Then the aliens show up, and all token stabs at background and motivation are quickly abandoned. When first spotted, the small extraterrestrial ships
look like a fire on the horizon. But they quickly whiz into town, snatching up a number of residents like calves at a rodeo and spiriting them away.
During the otherwise one-sided encounter, Jake discovers that his bracelet is in fact a space-age blaster, and he shoots one of the alien fighters from
the sky. No one exhibits much interest in examining the downed pod, however, least of all the resolutely incurious script.

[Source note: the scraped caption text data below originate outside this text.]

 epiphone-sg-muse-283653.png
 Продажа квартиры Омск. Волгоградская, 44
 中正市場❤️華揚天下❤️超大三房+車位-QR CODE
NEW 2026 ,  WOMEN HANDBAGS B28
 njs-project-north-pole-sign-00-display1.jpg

The next morning, the aforementioned characters—minus the sheriff and Dolarhyde’s son, who were among those taken—saddle up to follow
the aliens and rescue their loved ’uns. On their journey, they will be assaulted by aliens, by highwaymen, by Indians, and by draining bouts of
narrative inertia. When they finally reach the alien mothership, there is a prolonged battle—cowboy-hatted actors on one side, CGI creepies on
the other—that seems like a laboratory-pure experiment to prove the essential ridiculousness of the movie’s premise.
There are a handful of things to like along the way, beginning, perhaps unsurprisingly, with Craig. Though his voice never quite achieves the right
timbre—he appears to swallowing a little hard on his accent—his creased visage and lean physique (which, yes, we are given the chance to
inspect closely) neatly summon the mythic Western ethos. If Sergio Leone were still with us, the things he could have done with that face! A
minute-long closeup of Craig’s pale-blue squint, while a Morricone score quavered, would be more evocative than the entirety of Cowboys & Aliens.

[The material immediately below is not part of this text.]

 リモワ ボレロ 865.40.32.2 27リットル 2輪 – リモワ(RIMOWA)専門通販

There are other hints of promise in the early, pre-alien going, as the movie unrolls the familiar tropes of the genre: the mysterious loner; the
gun-happy loudmouth; the unhurried lawman; the confrontations on dusty streets and in darkened bars. Alas, the film soon loses its way.
Ford’s performance is disappointingly overcooked: Instead of revealing a quiet core of malice—it should, after all, be less work to
be a villain than a hero—he snarls and growls his way through the role. At the other end of the spectrum, Rockwell is utterly wasted as the
mild-mannered barkeep, his loopy charisma kept firmly under wraps. And while I’d like to suggest that the less said about Wilde the better, I
fear more will need to be said in a moment. The direction, meanwhile, by Jon Favreau, is slack and unfocused, less Iron Man than Iron Man 2.
But let’s move on to the men whom Forbes described, in a May article, as the “real
stars” of the film, screenwriters Roberto Orci and Alex Kurtzman. (The two longtime friends and collaborators are among at least 12 writers, not
including the author of the graphic novel, who worked on the film at various points; but it was they, with Damon Lindelof, who wrote the final draft.)
As Forbes noted, movies written by Orci and Kurtzman—including the first two Transformers films, the third Mission: Impossible, and Star Trek—have made $3 billion at the box office over the past six years. But while this figure is
certainly notable, it is perhaps less notable than method underlying this success, which consists, essentially, of a phenomenally successful two-man
war against narrative clarity and continuity.